Logic, e-Business and the Procedural eDBA

by Craig S. Mullins

Until recently, the domain of a database management system was, appropriately enough, to store, manage, and access data. Although these core capabilities are still required of a modern DBMS, additional procedural functionality is becoming not just a nice-to-have feature, but a necessity.

A modern DBMS has the ability to define business rules to the DBMS instead of in a separate, application program. Specifically, all of the most popular RDBMS products support an array of complex features and components to facilitate procedural logic. Procedural DBMS facilities are being driven by organizations as they move to become e-businesses.

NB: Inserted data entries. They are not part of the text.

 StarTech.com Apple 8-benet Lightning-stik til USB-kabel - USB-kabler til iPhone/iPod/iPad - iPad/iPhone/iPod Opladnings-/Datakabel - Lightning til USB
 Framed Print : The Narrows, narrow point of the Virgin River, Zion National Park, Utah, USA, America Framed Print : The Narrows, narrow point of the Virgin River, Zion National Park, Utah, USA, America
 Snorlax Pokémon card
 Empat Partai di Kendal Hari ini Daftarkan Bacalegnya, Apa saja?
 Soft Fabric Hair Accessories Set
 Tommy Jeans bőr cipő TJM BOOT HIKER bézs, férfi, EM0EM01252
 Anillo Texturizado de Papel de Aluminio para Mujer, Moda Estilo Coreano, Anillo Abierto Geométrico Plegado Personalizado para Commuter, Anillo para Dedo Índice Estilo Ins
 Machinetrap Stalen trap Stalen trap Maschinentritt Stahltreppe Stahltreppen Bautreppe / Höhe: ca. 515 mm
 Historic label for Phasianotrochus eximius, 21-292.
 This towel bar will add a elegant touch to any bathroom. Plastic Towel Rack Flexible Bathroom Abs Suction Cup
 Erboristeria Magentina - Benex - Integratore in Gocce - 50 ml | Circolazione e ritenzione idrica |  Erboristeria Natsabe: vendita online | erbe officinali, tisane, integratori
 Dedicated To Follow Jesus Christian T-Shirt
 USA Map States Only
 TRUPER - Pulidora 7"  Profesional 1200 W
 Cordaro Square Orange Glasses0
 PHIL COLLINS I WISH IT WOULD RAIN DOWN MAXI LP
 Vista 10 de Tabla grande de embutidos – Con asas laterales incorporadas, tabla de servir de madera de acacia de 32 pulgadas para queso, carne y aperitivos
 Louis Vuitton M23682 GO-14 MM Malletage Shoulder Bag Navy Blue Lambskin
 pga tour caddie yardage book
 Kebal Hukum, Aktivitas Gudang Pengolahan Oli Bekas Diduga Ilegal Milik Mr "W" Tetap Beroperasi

As the DBMS adapts to support more procedural capabilities organizations must modify and expand the way they handle database management and administration. Typically, as new features are added, the administrative, design, and management of these features is assigned to the database administrator (DBA) by default. But simply dumping these new administrative burdens on the already overworked DBA staff may not be the best approach. But “DBA-like duties” are required to effectively manage these procedural elements.

The Classic Role of the DBA

Every database programmer has their favorite “curmudgeon DBA” story. You know, those famous anecdotes that begin with “I have a problem...” and end with “...and then he told me to stop bothering him and read the manual.” DBAs simply do not have a “warm and fuzzy” image. This probably has more to do with the nature and scope of the job than anything else. The DBMS spans the enterprise, effectively placing the DBA on call for the applications of the entire organization.

To make matters worse, the role of the DBA has expanded over the years. In the pre-relational days, both database design and data access was complex. Programmers were required to code program logic to navigate through the database and access data. Typically, the pre-relational DBA was assigned the task of designing the hierarchic or network database design. This process usually consisted of both logical and physical database design, although it was not always recognized as such at the time. After the database was designed and created, and the DBA created backup and recovery jobs, little more than space management and reorganizations were required. I do not want to belittle these tasks. Pre-relational DBMS products (such as IMS and IDMS) require a complex series of utility programs to be run in order to perform backup, recovery, and reorganization. This can consume a large amount of time, energy, and effort.

As RDBMS products gained popularity, the role of the DBA expanded. Of course, DBAs still designed databases, but increasingly these were generated from logical data models created by data administrators and data modelers. Now the DBA has become involved in true logical design and must be able to translate a logical design into a physical database implementation. Relational database design still requires physical implementation decisions such as indexing, denormalization, and partitioning schemes. But, instead of merely concerning themselves with physical implementation and administration issues, relational DBAs must become more intimately involved with procedural data access. This is so because the RDBMS creates data access paths.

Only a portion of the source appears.